(Beginning of EXERCISE MATERIAL)

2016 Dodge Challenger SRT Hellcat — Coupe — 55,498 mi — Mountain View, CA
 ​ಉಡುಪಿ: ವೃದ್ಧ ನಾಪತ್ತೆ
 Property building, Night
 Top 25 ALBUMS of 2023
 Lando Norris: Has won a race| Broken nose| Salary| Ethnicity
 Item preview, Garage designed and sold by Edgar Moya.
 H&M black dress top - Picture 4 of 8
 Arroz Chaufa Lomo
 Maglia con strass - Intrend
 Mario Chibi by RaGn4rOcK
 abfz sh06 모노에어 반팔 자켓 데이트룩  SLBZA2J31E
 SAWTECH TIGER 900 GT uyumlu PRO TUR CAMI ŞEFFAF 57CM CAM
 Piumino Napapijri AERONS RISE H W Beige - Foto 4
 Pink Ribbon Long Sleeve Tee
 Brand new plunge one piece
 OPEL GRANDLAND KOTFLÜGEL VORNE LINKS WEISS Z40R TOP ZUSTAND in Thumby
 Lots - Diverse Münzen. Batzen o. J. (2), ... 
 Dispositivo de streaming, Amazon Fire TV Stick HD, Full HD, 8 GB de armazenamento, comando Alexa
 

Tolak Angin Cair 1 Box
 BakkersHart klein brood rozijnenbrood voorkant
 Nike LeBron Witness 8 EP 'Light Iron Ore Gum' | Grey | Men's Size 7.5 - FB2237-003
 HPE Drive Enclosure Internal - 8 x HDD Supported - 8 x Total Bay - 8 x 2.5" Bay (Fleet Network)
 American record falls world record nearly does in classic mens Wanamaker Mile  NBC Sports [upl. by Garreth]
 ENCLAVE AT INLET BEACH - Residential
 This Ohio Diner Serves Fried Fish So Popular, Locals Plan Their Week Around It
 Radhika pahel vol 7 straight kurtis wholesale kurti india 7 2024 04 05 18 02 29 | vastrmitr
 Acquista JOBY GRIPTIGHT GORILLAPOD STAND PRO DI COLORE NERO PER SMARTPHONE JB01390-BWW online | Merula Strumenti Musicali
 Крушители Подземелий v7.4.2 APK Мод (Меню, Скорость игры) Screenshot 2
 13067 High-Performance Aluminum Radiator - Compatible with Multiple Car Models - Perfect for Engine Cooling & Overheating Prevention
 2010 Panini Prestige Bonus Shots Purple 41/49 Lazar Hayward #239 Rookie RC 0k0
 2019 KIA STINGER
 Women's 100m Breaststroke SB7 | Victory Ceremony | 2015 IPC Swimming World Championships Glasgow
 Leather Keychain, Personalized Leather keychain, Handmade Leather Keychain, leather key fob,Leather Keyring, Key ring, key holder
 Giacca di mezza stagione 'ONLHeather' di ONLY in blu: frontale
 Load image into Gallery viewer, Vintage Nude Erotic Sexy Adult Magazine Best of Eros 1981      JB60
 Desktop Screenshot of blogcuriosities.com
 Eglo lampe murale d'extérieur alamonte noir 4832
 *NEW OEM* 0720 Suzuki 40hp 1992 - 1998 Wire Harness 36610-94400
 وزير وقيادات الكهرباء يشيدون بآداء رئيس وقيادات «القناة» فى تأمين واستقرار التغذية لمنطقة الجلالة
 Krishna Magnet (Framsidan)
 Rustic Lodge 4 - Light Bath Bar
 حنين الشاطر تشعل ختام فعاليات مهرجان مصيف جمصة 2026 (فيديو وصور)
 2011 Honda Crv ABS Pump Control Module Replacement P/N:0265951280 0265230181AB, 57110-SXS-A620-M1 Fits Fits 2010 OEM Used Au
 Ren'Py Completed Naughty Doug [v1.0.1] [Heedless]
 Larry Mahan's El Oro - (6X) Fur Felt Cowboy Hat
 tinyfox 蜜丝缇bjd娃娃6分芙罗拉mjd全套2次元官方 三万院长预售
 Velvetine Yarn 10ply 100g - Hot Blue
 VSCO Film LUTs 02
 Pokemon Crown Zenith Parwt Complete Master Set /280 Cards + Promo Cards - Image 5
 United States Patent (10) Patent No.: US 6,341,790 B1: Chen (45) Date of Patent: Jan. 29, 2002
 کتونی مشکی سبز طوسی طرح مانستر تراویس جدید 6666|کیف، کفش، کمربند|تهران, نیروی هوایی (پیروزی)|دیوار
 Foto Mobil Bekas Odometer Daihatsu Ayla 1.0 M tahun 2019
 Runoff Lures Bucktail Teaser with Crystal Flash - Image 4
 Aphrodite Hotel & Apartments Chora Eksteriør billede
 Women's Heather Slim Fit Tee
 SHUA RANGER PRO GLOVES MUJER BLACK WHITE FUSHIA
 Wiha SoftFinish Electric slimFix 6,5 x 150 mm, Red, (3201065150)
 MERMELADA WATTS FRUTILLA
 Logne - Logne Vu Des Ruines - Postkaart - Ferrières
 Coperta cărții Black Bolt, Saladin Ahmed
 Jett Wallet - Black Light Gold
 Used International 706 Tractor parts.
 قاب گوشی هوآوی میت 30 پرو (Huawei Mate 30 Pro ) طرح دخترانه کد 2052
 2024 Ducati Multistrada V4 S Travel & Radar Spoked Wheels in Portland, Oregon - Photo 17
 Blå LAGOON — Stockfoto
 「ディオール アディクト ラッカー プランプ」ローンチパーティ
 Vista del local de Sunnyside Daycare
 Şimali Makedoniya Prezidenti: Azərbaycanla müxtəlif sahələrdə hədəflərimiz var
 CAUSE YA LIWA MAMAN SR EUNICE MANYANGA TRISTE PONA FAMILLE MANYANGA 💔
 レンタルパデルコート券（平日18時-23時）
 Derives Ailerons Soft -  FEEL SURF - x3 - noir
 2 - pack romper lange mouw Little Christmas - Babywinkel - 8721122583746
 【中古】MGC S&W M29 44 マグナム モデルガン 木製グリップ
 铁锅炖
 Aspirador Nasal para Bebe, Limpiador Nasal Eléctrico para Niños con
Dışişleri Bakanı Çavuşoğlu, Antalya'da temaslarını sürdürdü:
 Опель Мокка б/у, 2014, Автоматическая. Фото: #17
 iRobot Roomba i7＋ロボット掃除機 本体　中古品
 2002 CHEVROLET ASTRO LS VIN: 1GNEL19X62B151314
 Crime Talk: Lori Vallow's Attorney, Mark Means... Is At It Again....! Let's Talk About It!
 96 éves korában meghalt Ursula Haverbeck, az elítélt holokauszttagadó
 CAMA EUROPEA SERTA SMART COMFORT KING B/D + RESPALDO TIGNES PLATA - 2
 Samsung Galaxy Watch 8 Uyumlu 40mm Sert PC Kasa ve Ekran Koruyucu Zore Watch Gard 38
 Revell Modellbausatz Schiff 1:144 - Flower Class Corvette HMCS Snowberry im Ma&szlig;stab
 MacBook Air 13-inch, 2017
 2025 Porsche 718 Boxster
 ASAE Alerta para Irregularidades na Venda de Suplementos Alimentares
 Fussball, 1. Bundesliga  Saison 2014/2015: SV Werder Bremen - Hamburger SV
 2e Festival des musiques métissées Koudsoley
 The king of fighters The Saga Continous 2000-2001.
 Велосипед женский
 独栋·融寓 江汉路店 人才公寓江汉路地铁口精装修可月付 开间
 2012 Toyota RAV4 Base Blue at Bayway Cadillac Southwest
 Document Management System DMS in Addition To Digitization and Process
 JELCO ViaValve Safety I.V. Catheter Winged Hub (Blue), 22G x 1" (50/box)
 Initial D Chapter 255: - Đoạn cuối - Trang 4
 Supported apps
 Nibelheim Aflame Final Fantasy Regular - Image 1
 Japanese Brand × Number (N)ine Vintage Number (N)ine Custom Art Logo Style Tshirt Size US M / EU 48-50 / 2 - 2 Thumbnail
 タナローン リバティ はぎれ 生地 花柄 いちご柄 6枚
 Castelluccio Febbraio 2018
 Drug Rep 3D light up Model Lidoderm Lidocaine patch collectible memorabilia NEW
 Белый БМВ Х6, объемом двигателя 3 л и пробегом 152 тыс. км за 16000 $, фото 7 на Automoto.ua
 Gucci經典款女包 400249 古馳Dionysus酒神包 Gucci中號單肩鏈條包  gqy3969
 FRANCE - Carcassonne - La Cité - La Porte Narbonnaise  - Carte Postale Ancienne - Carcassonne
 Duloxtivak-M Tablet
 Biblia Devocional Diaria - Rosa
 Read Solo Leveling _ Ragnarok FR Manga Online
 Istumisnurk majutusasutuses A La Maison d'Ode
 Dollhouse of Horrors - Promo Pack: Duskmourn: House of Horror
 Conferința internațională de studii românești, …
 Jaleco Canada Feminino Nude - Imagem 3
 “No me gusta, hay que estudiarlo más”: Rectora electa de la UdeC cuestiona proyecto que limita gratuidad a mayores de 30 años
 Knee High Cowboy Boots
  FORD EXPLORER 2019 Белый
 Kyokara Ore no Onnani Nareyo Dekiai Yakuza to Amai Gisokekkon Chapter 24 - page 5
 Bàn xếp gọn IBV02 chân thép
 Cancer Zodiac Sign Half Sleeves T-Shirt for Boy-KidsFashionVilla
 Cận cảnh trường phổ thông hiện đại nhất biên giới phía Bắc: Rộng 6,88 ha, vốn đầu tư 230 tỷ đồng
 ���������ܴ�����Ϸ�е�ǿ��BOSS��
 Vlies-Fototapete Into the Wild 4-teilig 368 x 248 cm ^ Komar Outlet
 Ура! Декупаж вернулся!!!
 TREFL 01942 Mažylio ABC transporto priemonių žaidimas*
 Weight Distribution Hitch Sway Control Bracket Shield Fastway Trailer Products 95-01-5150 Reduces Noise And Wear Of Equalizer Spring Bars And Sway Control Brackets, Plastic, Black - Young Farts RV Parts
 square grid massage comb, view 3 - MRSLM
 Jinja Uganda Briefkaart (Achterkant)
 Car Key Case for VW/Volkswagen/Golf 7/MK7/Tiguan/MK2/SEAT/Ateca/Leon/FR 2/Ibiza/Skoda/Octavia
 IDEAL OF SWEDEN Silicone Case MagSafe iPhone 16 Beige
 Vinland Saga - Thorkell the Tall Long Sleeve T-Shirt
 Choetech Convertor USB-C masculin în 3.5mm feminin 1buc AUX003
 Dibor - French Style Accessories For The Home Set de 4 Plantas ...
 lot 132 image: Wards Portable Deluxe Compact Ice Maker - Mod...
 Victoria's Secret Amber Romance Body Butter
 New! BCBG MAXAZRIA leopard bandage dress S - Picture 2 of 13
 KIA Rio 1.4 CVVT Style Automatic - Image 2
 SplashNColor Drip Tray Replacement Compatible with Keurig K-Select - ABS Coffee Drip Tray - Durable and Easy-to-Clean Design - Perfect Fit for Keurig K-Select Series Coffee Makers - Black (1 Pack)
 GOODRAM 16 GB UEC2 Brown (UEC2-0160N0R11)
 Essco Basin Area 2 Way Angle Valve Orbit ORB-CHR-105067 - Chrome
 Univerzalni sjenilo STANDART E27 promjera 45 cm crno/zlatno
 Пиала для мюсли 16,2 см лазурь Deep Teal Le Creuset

(End of EXERCISE MATERIAL)

WORK TO COMPLETE —
Reprint exactly the lines above that start at the one with "Top 25 ALBUMS of 2023" and end at the one with "Acquista JOBY GRIPTIGHT", keeping both and adding none.

PROBLEM SOLUTION —
 Top 25 ALBUMS of 2023
 Lando Norris: Has won a race| Broken nose| Salary| Ethnicity
 Item preview, Garage designed and sold by Edgar Moya.
 H&M black dress top - Picture 4 of 8
 Arroz Chaufa Lomo
 Maglia con strass - Intrend
 Mario Chibi by RaGn4rOcK
 abfz sh06 모노에어 반팔 자켓 데이트룩  SLBZA2J31E
 SAWTECH TIGER 900 GT uyumlu PRO TUR CAMI ŞEFFAF 57CM CAM
 Piumino Napapijri AERONS RISE H W Beige - Foto 4
 Pink Ribbon Long Sleeve Tee
 Brand new plunge one piece
 OPEL GRANDLAND KOTFLÜGEL VORNE LINKS WEISS Z40R TOP ZUSTAND in Thumby
 Lots - Diverse Münzen. Batzen o. J. (2), ... 
 Dispositivo de streaming, Amazon Fire TV Stick HD, Full HD, 8 GB de armazenamento, comando Alexa
 

Tolak Angin Cair 1 Box
 BakkersHart klein brood rozijnenbrood voorkant
 Nike LeBron Witness 8 EP 'Light Iron Ore Gum' | Grey | Men's Size 7.5 - FB2237-003
 HPE Drive Enclosure Internal - 8 x HDD Supported - 8 x Total Bay - 8 x 2.5" Bay (Fleet Network)
 American record falls world record nearly does in classic mens Wanamaker Mile  NBC Sports [upl. by Garreth]
 ENCLAVE AT INLET BEACH - Residential
 This Ohio Diner Serves Fried Fish So Popular, Locals Plan Their Week Around It
 Radhika pahel vol 7 straight kurtis wholesale kurti india 7 2024 04 05 18 02 29 | vastrmitr
 Acquista JOBY GRIPTIGHT GORILLAPOD STAND PRO DI COLORE NERO PER SMARTPHONE JB01390-BWW online | Merula Strumenti Musicali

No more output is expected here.